So metal —

Running chemical reactions in liquid metal makes atomically thin materials

Dissolving a metal in liquid metal leads to unusual chemical reactions.

Droplets of a gallium/indium alloy.
Enlarge / Droplets of a gallium/indium alloy.

The discovery of graphene—a one-atom-thick sheet of covalently bonded carbon atoms—inspired the research community to generate a variety of 2D materials. Graphene, MoS2, the silicon equivalent of graphene, and more all have distinct properties based on the chemical bonding among their component atoms. And it's possible to leverage these properties to create commonplace devices on an unprecedentedly small scale, like a three-atom-thick LED.

Obviously, the more materials we have to work with, the better we can fine-tune one of these devices to our needs. But producing 2D materials is a challenge, as there are a limited number of substances that lend themselves to the chemically bonded layers we know how to work with. Now, an Australian-US team (writing in Science) has devised a way to make a broad class of atomically thin metal oxides, including 2D versions of materials already in use by the electronics industry. Their secret? A room temperature liquid metal.

Selective

This is one of those cases where a series of simple observations led to a major development. In many cases, pure metals will react with oxygen in the air to form a thin oxide layer on their surface. This, it turns out, is true for one of the metals that is liquid near room temperature: gallium, which melts at 30 degrees Celsius. Leave some liquid gallium exposed to the air, and it'll form a thin film of gallium oxide on its surface.

The key observation came when the researchers looked into a gallium alloy, galinstan, composed of gallium, indium, and tin. Even though the two other metals could comprise as much as 40 percent of the alloy, the surface oxide ended up being pure gallium oxide. The liquid metal turns out to be key here. In a solid chunk of metal, oxygen will only be able to react with whatever metals are on the surface, whether they're the most energetically favorable or not. But a liquid allows all its components to cycle up to the surface, producing a chemically uniform film. That film then prevents oxygen from reacting with anything underneath it.

From there, it's a matter of simple thermodynamics. Of the three potential oxides, gallium oxide is the most energetically favorable to form. So, the researchers reasoned, if there's another metal in the alloy with an oxide that's favored over gallium oxide, it should end up being the one that's oxidized on the surface.

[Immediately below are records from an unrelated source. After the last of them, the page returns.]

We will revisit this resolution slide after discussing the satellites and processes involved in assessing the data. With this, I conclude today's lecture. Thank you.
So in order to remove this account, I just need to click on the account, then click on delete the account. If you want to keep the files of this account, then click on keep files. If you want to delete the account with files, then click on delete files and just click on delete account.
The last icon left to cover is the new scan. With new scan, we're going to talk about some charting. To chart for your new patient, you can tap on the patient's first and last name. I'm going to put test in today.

To test this, the researchers tried three very different metals. One of them (gadolinium) is a rare-earth metal; a second (hafnium) is a transition metal; and the third was aluminum, which is at the edge of the non-metals on the periodic table. Hafnium is especially interesting, as semiconductor manufacturers have been using hafnium oxide as an insulator in their transistors. Each of these is soluble as an alloy in gallium, and formation of their oxides is more energetically favorable than gallium oxide.

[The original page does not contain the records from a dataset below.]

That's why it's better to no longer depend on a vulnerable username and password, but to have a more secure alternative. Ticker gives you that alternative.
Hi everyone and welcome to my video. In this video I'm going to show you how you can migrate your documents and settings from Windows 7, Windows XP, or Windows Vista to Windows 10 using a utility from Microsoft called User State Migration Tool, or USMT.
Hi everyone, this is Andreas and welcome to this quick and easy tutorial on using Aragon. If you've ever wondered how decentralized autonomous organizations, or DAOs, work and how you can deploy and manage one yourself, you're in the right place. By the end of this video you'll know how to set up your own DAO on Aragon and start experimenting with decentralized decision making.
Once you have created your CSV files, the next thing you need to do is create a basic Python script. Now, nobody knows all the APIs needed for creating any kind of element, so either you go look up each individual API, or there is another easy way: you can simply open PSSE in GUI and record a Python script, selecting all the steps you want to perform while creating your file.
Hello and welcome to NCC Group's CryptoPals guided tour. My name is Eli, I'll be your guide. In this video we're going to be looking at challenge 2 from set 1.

To obtain the oxide layer, the authors used what they term a "van der Waals exfoliation technique." That's jargon for "we pressed a microscope slide against the liquid metal and hope the oxide stuck to it." Stick it did. Microscopy showed that, for each of the three metals, sheets of a thin film up to a micrometer across remained on the surface of the slide. The researchers confirmed that these were pure oxides of a single metal, the one they targeted, even though that was only about one percent of the liquid alloy. Atomic force microscopy showed the sheets were a nanometer thick or less, consistent with them being atomically thin.

Bubble, bubble

Next, the researchers tried bubbling air through the liquid metal and into a layer of water placed on top. Conceptually, the air bubbles should form metal oxide layers on their way through the metal and deposit them into a suspension in the water. From there, they could be transferred to other surfaces as needed.

The reality, however, didn't work especially well. The aluminum and gadolinium alloys ended up reacting with the water, so they couldn't be used. Hafnium oxide sheets were produced with this approach but ended up disorganized and with bits of metal stuck to them. While there are some obvious improvements that could be made—like switching from water to another solvent—this approach clearly needs a bit more work.

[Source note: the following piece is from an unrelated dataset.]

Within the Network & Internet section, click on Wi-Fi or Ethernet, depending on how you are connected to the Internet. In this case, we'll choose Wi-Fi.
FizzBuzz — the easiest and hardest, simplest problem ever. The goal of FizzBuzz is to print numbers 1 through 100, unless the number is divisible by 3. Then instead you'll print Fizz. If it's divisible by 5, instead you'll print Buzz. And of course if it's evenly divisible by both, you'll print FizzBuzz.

Still, the method worked well enough for the researchers to obtain some hafnium oxide sheets, which they then placed on top of a metal electrode. Hafnium oxide is used as an insulator, and it worked well in this regard, even though the sheet was atomically thin. The result was a defect-free insulating layer that was only about half a nanometer thick, something that semiconductor manufacturers might find rather interesting.

This work was clearly a proof-of-concept, similar in nature to when researchers discovered that they could obtain graphene by peeling off layers using adhesive tape. That procedure was never going to scale to mass production. Here, the method that could scale (bubbling air through the metal) didn't actually work. But the key thing is that both of these developments highlighted the potential of the materials.

In this case, the potential is in the incredible flexibility. It should be straightforward to create a huge variety of 2D metal oxides, each with distinctive properties—electronic, magnetic, and catalytic differences are all options that the researchers mention. It's also possible that this might work with gases other than oxygen, if the reaction conditions can be tweaked.

Science, 2017. DOI: 10.1126/science.aao4249  (About DOIs).